Chat-based communications help to prevent some of these problems, and their timestamped logs allow to track activities, communications and decisions for further study. Public communication channels (status page, twitter feed) should be monitored as well, not only to track how external stakeholders are being informed, but also how internal teams perceive the incident at any moment. They should be correlated with data logs, changes in the system (e.g: deploys) and outside events (e.g: marketing campaigns driving traffic to the system). This data compilation should will be ordered and reviewed, conforming a timeline of events that should be clear for everyone. At that point, the incident can be discussed to learn from it.
The video also provides some basic terminology when it comes to tracking an outage (time to detect/resolve, impact time, degrees of severity) and ideas to quantify the impact (e.g: number of affected customers, orders lost...).

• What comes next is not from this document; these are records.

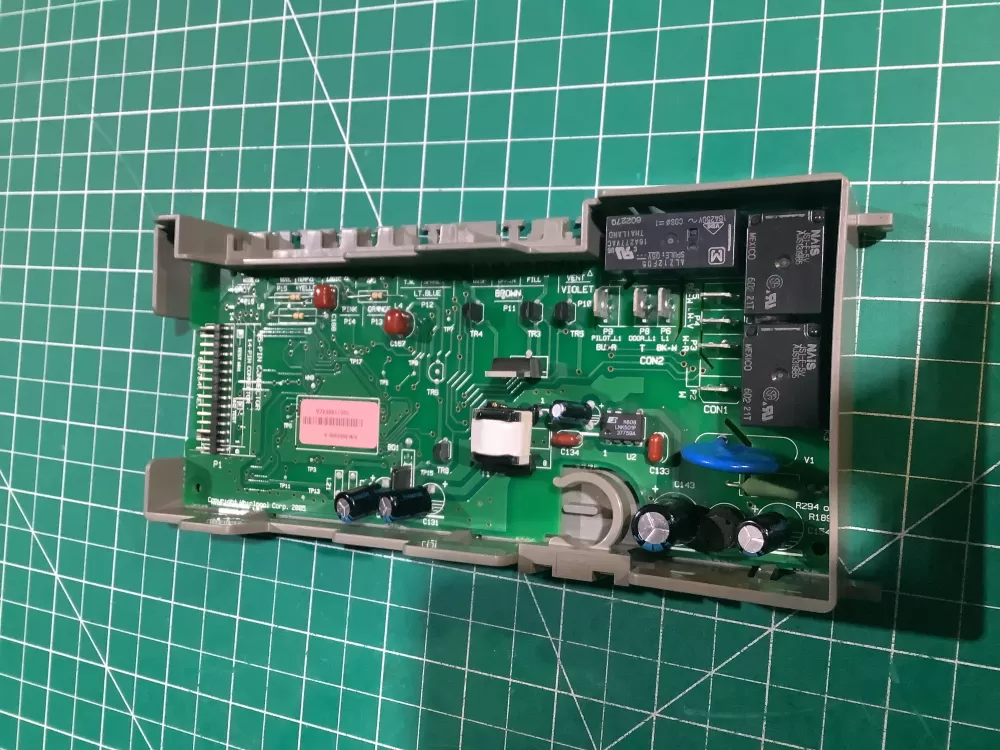 Whirlpool  Kenmore  KitchenAid  Roper  Estate WPW10084141  AP6014950  W10084141  1373167  8559824  8559825  8562996  8562996R  8562997  8562997R  8575276  8575276R  8575277  8575277R  PS11748220  W10039760  W10039770  W10076350  W10076360  W10084141R Dishwasher Control Board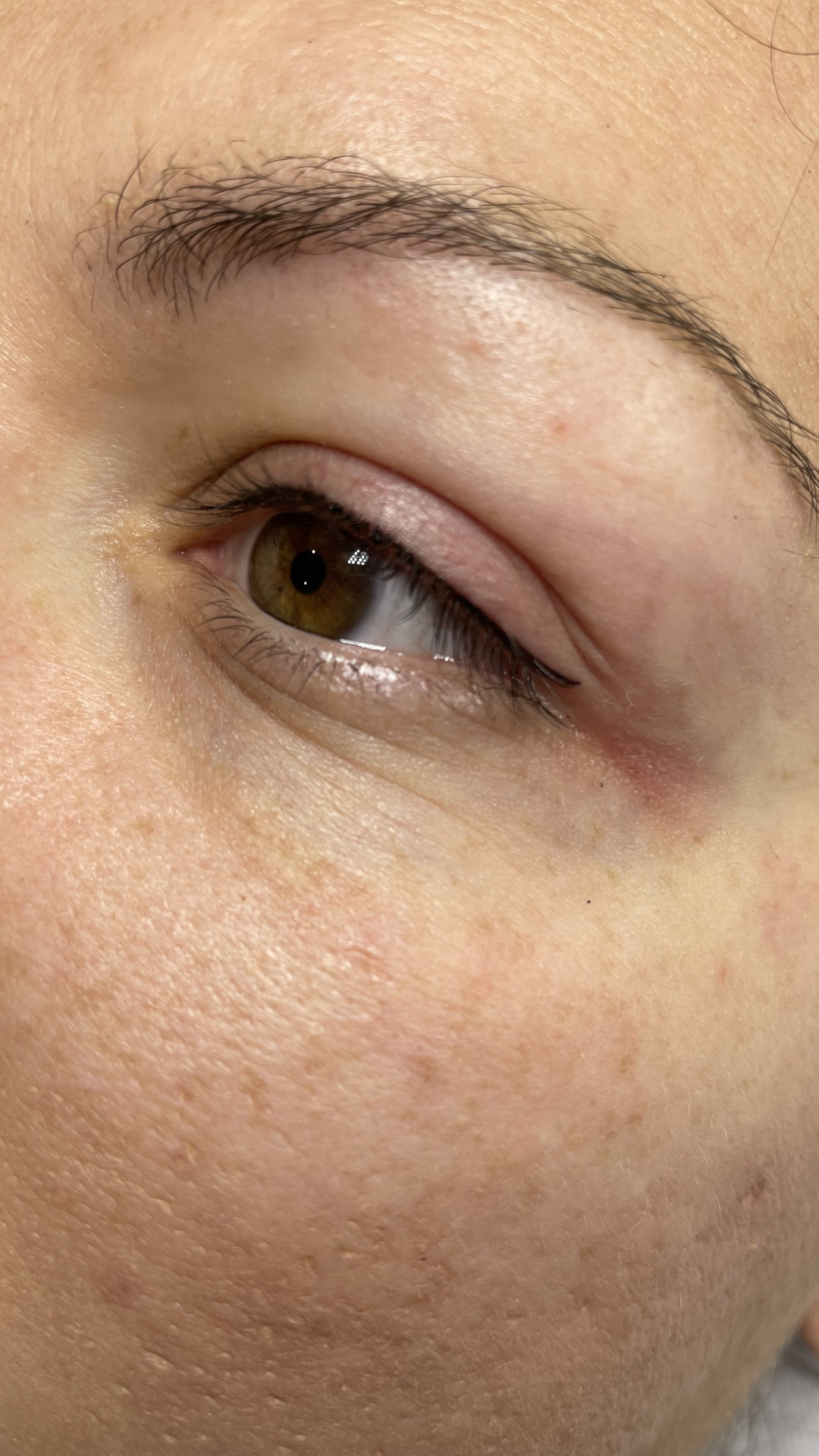 La Tua #zagreb Depilacija ruku Kontura gornjeg kapka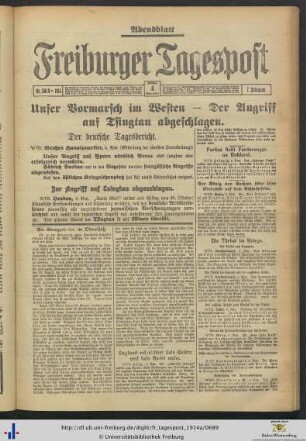 04.11.1914 (Abendblatt)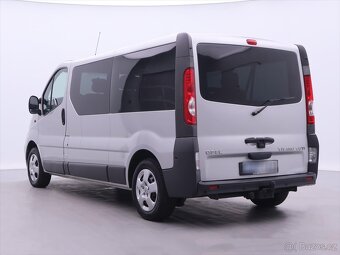 Opel Vivaro 2,0 CDTI 84kW Klima 9-Míst (2007) - 3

This section also explains the Swiss cheese model when it comes to explaining causes of an incident. Incidents in complex systems are often caused by several emergent factors that contribute to the problem and therefore looking for a single root cause can be missleading. A few references to different system theories and risk management are also provided at the end of the chapter.
The whole section felt a bit unstructured but I found it way more interesting that I initially expected.
Application-level monitoring with Graphite and StatsD
This section starts with a short introduction to StatsD and the different components of Graphite. Then a few examples demonstrate how data are stored and queried, and how the different components are installed and configured.
This section starts with a basic tutorial on SSH (mentioning Mosh, which can be useful if you have to work with unreliable connections) and introductions to screen and tmux (in which I missed visualizing the keystrokes). Then a short tutorial introduces .bashrc and .bash_profile with a brief example.
The second part of this section gives some basic notions on ticketing systems using Jira and briefly mentions how useful note-taking tools can be, using Evernote as an example. I found this whole part pretty fluffy, even for beginners. I would have preferred it to focus on one tool or to providing actionable advice or generic best practices instead.
As its own name indicates, this last section introduces the Nagios monitoring tool. It explains its installation and setup in a pretty comprehensive way, explaining all the basic concepts and options and mentioning how extensible Nagios is.
The video seems a bit inconsistent in terms of content (with two very theoretical sections vs three hands-on ones) and the skills required from the audience vary from section to section (e.g: those who understand the CLI tools used to generate data in the Graphite examples will already know about .bashrc).
Leaving apart the second part of the "productivity tools" section, I think the content can be interesting for those who want to get exposed to these topics for the first time.
This series of videos is an alternative learning method from the the community-driven Ops School Curriculum, which is an interesting project I wasn't aware of. Oh, and any profits from the videos are donated to non-profit organisations which aid in learning for low-income persons. Nice initiative O'Reilly & Etsy!